EL PUNTO DE EQUILIBRIO

Al anochecer del 26 de junio de 1874, el general De la Concha, marqués del Duero, dio por
terminado su consejo de guerra con sus principales oficiales en la casona de los Munarriz en
la que se alojaba. Sus tropas se encontraban desplegadas en un amplio frente ante los carlistas,
que defendían sus líneas de trincheras entre Abárzuza y Monte-Muru. Tras un mes de
inactividad se encontraba dispuesto para dar un golpe de muerte a los insurrectos carlistas y,
si todo iba bien, como cabía esperar, aprovechar para proclamar rey de España a Alfonso, el
primogénito de la destronada Isabel II.

Cuando se retiró aquella noche a la soledad de su habitación el general Concha estaba


orgulloso de cómo marchaban las cosas. La imprevisión de los primeros meses de conflicto
abierto con los carlistas había dado paso a una progresiva confianza entre los defensores de
la legalidad institucional.
El tremendo esfuerzo que sus tropas habían llevado a cabo en la última semana de
abril había dado resultado y tras una hábil operación en Las Muñecas, logró en Galdames
después de una encarnizada lucha en la que cayo el general carlista Andéchaga y romper las
líneas enemigas levantar el sitio de Bilbao, que recibió el último ataque el 1 de mayo. A partir
de ese día y tras una victoria tan significativa las tropas gubernamentales habían
aprovechado para consolidar sus posiciones, reforzarse y planear la siguiente acción
ofensiva. El día 3 de mayo, a la vista de sus éxitos el general Serrano le nombró Jefe del
Ejército del Norte y aunque había manifestado serias dudas ante el gobierno provisional de
la República sobre la verdadera capacidad de resistencia del enemigo, al que con buen
criterio consideraba aún muy fuerte, parecía evidente que el convencimiento general de que
la guerra estaba ganada se había ido abriendo paso entre políticos y militares que daban
por hecho que el conflicto carlista estaba próximo a su final y que los seguidores de don
Carlos daban sus últimos coletazos. A pesar de la aparente trascendencia de la victoria
liberal al lograr el fin del sitio de la capital vizcaína, la situación de los carlistas en el norte
no era en absoluto mala.
El ejército carlista del Norte se encontraba descansado, bien preparado y en una
buena situación estratégica. Es cierto que durante la primavera la astuta movilidad del
ejército del gobierno central había desconcertado a sus mandos, pero podían confiar en la
solidez de sus posiciones y en su capacidad para la tomar la ofensiva, que no se había visto
en absoluto mermada por la derrota ante la capital de Vizcaya.

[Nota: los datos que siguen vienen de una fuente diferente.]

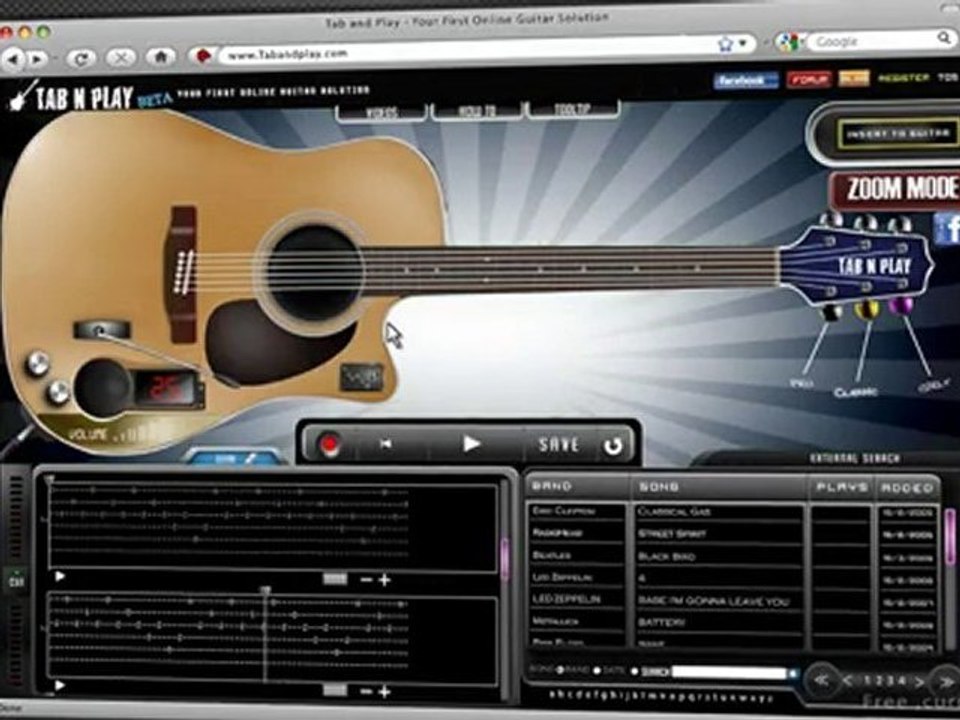 TabandPlay Video tutorial part 1- Play options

¿Qué hacer? Ese debía de ser el gran problema del marqués del Duero, el mejor táctico
del ejército del gobierno. Durante los meses de mayo y junio la racha de mala suerte del
ejército liberal había sido increíble y los problemas insolubles. El retraso en la paga era
inconcebible, la tropa carecía de todo, de uniformes, municiones, armas modernas, comida.
Además, la decisión que había adoptado y que consistía en llevar la guerra hasta Navarra,
en el corazón del territorio enemigo, planteaba problemas que en Madrid el ministerio de
la guerra no quería o no sabía entender. Había necesidad de contar con una buena logística,
mejorar el transporte, lograr un eficaz bloqueo del territorio en manos carlistas, etc.

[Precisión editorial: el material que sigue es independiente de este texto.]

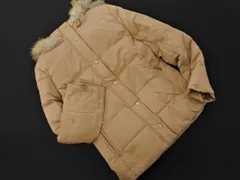 INED イネド ラクーンファー付き 2WAY ダウン ジャケット size7/ベージュ ◆■ レディース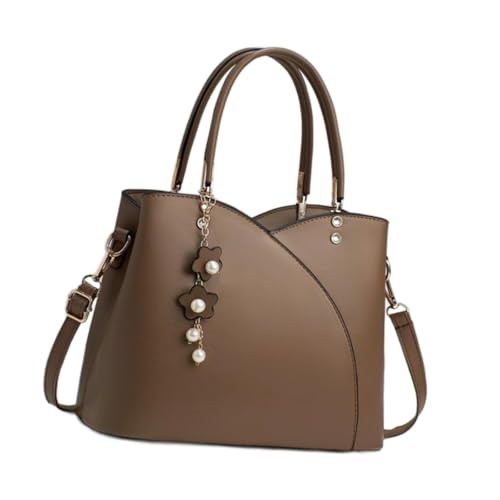 perfeclan Damen-Umhängetasche, praktische Handtasche für Shopping, Geschäftsreisen, Dating, Khaki von Perfeclan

Demasiadas cosas. Para colmo la paga adeudada que ascendía a un millón de reales la tuvo
que dejar en Bilbao por la imposibilidad de repartirla
No obstante, el general Concha, arisco y poco apreciado por sus hombres era tolerado
pues se le consideraba un buen militar. Y lo era. Cuando tras ocupar Orduña el 17 de mayo
las tropas carlistas esperaban su avance hacia Durango, en una hábil maniobra llevó a sus
tropas hasta Vitoria, donde entró el 19, sorprendiendo a sus enemigos y a sus jefes en
Madrid, que no acertaban a entender su conducta. Sin embargo, los movimientos del ejército
liberal eran los correctos, rapidez, astucia, audacia y decisión eran su única arma ante un
enemigo que combatía en su terreno, que gozaba de informadores y de apoyos
incondicionales y que sabía, habitualmente, los movimientos de las unidades liberales.
El 1 de junio el general Concha abandonó Vitoria por sorpresa con el grueso de sus
fuerzas, dirigiéndose primero a Peñacerrada y luego a través de la sierra de Toloño y el
puerto de Herrera hacia Logroño y de ahí, hacia Estella, dirigiendo su espada al centro del
poder carlista: a su capital.
El retraso de un convoy que se equivocó de camino y se encaminó a Estella en lugar
de hacerlo hacia Oteiza y Lorca, impidió a Concha iniciar su ofensiva contra las líneas
carlistas como había previsto, pero en medio del barrizal provocado por la constante lluvia
y tras un violento ataque artillero, que forzó a los carlistas a retirarse, sus hombres
capturaban Zurucaín y poco después Abárzuza y Zábal. En su parte enviado al ministro de
la Guerra señalaba 90 heridos y manifestaba desconocer el número de muertos. La tardanza
en la llegada del convoy impidió a sus tropas recibir nuevas municiones y alimentos, lo que
provocó un cierto retraso. Los victoriosos soldados liberales acamparon al raso u ocuparon
algunos caseríos de las pequeñas poblaciones que habían tomado.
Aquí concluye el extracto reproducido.